Three Ways to Network as a New Vet
‘Networking’ is a term that gets thrown around a lot, particularly in the business world.
If you’ve just graduated from vet school, or are a new veterinarian, networking might not seem like much of a priority right now.
You might be thinking; ‘shouldn’t I be focussing on my clinical skills rather than trying to network as a new vet?’’
First off: yes. You should be focussing on your technical skills and becoming the best veterinarian you can.
But what happens when you encounter a hiccup? Which, inevitably, you will.
Networking is not an ego-driven exercise to make yourself well known, but a way of generating support and new career opportunities.
Networking is not a term to be shuddered at, but one to be embraced.
Read on to find out the three key ways you can network as a new vet.
Find a Mentor
Finding the right mentor is important for any new veterinarian.
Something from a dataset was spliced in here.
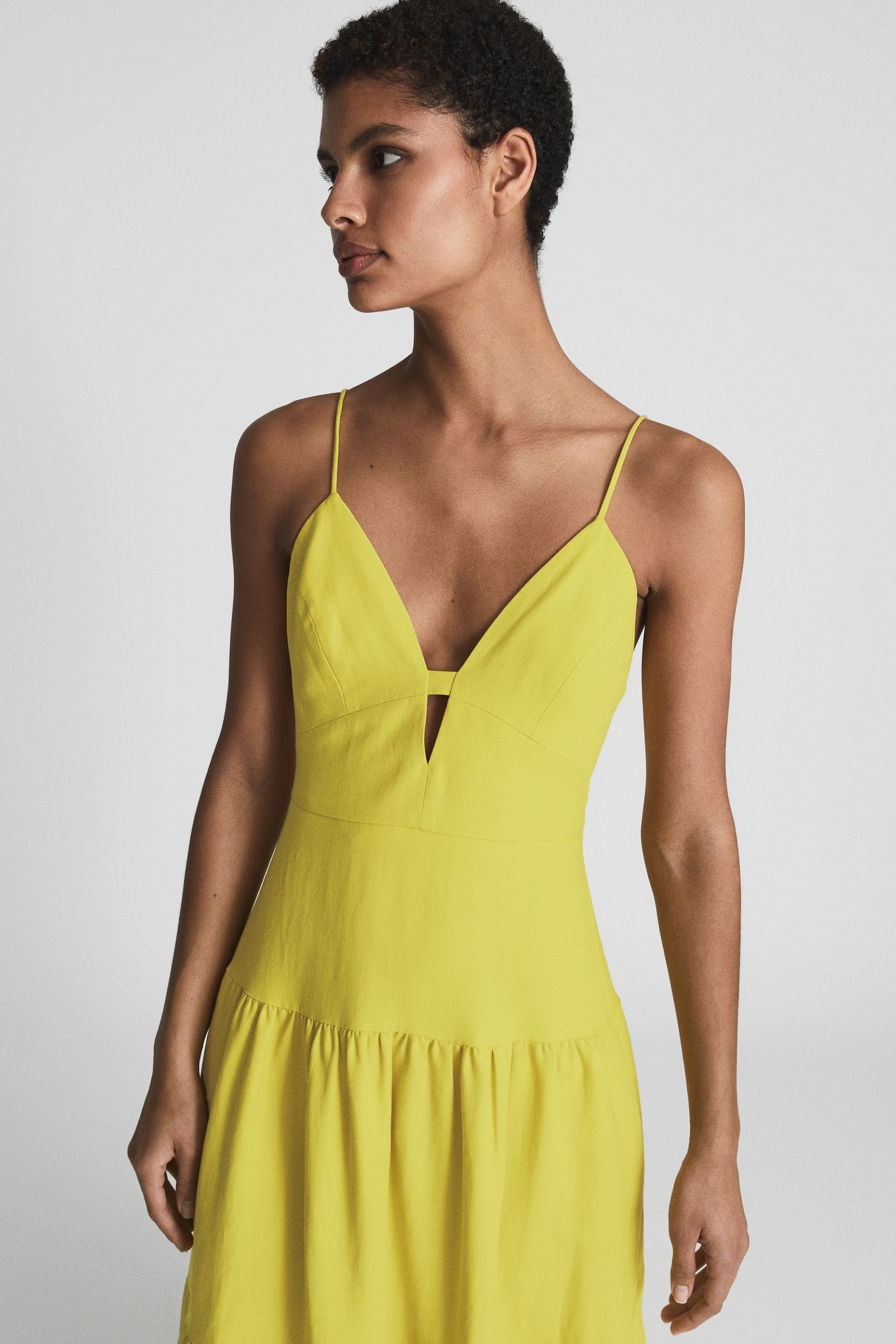 Buy Reiss Lime Frida Strappy Linen Maxi Dress from the Next UK online shop
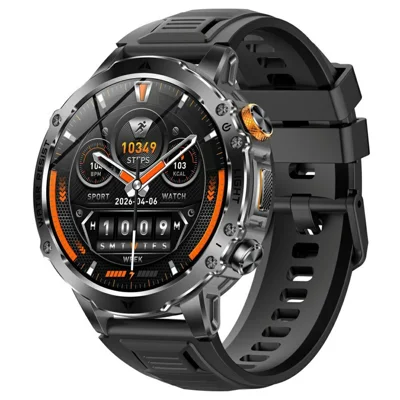 AK125 1.7 inch HD Smart Watch IP68 Waterproof Bluetooth-compatible Calling Heart Rate Monitor Sports Watch, Single Color Silicone Strap - Black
Most new vets feel that they need support in the first few months of their job.
Without it, you can feel alone, and possibly end up quitting altogether. After working hard for many years to earn your degree, this is a crying shame for you and the veterinary profession.
Therefore, make it your priority to seek out a mentor. It is likely that they have experienced all the things you are going through right now: the incorrect diagnosis, not being able to insert a catheter, feeling overwhelmed. Whatever it may be, a mentor can give you support and advice.
They may even have contacts that can help you further. This is where the networking comes in.
However, it does come with a disclaimer: be specific. When you are asking your mentor for advice, explain your specific situation and exactly what you need help with. This way, they can provide you with relevant advice.
Another tip is to not limit yourself to a single mentor.
Ever heard the phrase “it takes a village to raise a child”? Well in this case the village is the veterinary community, and you’re the kid.
It is likely that you have far too rigid a view of who or what a mentor is, but in reality, the phrase covers everyone from the person assigned to give you structured coaching, to the old vet you visited as a kid.
Mentors come in many diverse shapes, sizes, ages, genders and colours- so don’t forget it!
Show Genuine Interest in Everyone
Whether you are at a conference, a social event or on social media, show a genuine interest in everyone you encounter, regardless of the area of veterinary medicine they work in.
By widening your circle and interacting with a range of different people, you will open up many possibilities in the future. For example, a connection may inspire you to consider working in another sector, such as the government or the military.
There are so many options out there for qualified veterinarians, but if we don’t interact with one another we simply don’t know about them.
Showing a genuine interest not only applies to professional connections, but to your clients. By showing a genuine interest in the lives of your clients and their pets, you will gradually get to know them.
You might even develop friendships with your clients, which in turn could open up new possibilities, such as community initiatives.
Don’t be Afraid!
Finally, don’t be afraid to network as a new vet!
Without generalising too much, many veterinarians are introverts; you are highly focussed but often get ‘in your head’.
When it comes to interacting with others, especially experienced veterinarians, please don’t be afraid. If it helps, ‘fake it till you make it!’: wear a smile, be enthusiastic and confident.
Remember, vets tend to be quite generous and they will often be more than happy to give you advice, share their experiences and ideas.
Also, people love talking about themselves. Ask your connections for their story: ‘how did you end up where you are today?’. Hearing people’s stories, especially of those more experienced than you, will be incredibly insightful. And, you will end up building some great connections! This is exactly what Dr Dave Nicol does on his hit vet podcast Blunt Dissection.
If you are shuddering at the thought of networking, a good place to start is in the So You’re A Vet… Now What community. This group is supportive, positive and full of engaging content and features vets from many areas of practice!
So what are you waiting for? Get networking!
In summary, there are several ways you can network as a new vet.
Too many vets encounter difficulties and don’t know where to turn to for support or advice, and end up dropping out of the profession altogether. It’s therefore important to reach out to others- and start building those connections!
Seek out those mentors and show a genuine interest in their work. The veterinary community is very generous and supportive – but you must make the effort to be part of it!